Build an Image Classifier with Vision Transformer

/ Image Classification, VIT

Last Updated on 11/11/2025 by Eran Feit

🧩 Introduction

Understanding How Vision Transformers Work in Image Classification

In this tutorial, we’ll dive into how to use the Vision Transformer (ViT) — a model that has changed how computers “see” images.
We’ll not only walk through a working Python example step-by-step, but also explain what makes the Vision Transformer image classification approach so effective.

What is a Vision Transformer (ViT)?

The Vision Transformer (ViT) is a model introduced by Google Research that applies the same transformer architecture used in Natural Language Processing (NLP) to computer vision.
Instead of processing the entire image at once (like CNNs do), ViT splits the image into small fixed-size patches — think of them like “tokens” in a sentence.
Each patch is then converted into an embedding, and the model learns to understand global relationships between all patches using self-attention mechanisms.

Below is a placeholder for the ViT architecture diagram, showing how an image is divided into patches and processed through transformer layers:

Build an Image Classifier with Vision Transformer 5

The Vision Transformer is particularly powerful for image classification tasks because it can capture both local and global context in an image without relying on convolutional filters.
When trained or fine-tuned properly, ViTs often outperform CNNs on large datasets, especially when using transfer learning via pretrained models from Hugging Face Transformers.

The main steps:

Read an image and convert to correct color space
Use ViTFeatureExtractor (for resizing, normalizing)
Load a pretrained ViTForImageClassification
Pass the image through the model to produce logits
Argmax logits to pick the predicted class index
Look up the class name, overlay it on the image, and display

We’ll divide the code into two parts: preprocessing + model setup, and inference + display.

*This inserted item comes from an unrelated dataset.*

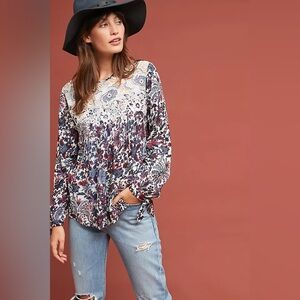 Anthropologie Ranna Gill Madison Floral Blouse Size Medium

Let’s dive into the VIT tutorial

/

You can watch the tutorial here : https://youtu.be/zGydLt2-ubQ

You can find the full code here : https://eranfeit.lemonsqueezy.com/buy/b56faf6f-ac38-4945-b482-33b1b9c8e1d3

or here : https://ko-fi.com/s/00de8ae6a8

Blog for Medium users : https://medium.com/@feitgemel/build-an-image-classifier-with-vision-transformer-3a1e43069aa6

You can follow my blog here : https://eranfeit.net/blog/

Want to get started with Computer Vision or take your skills to the next level ?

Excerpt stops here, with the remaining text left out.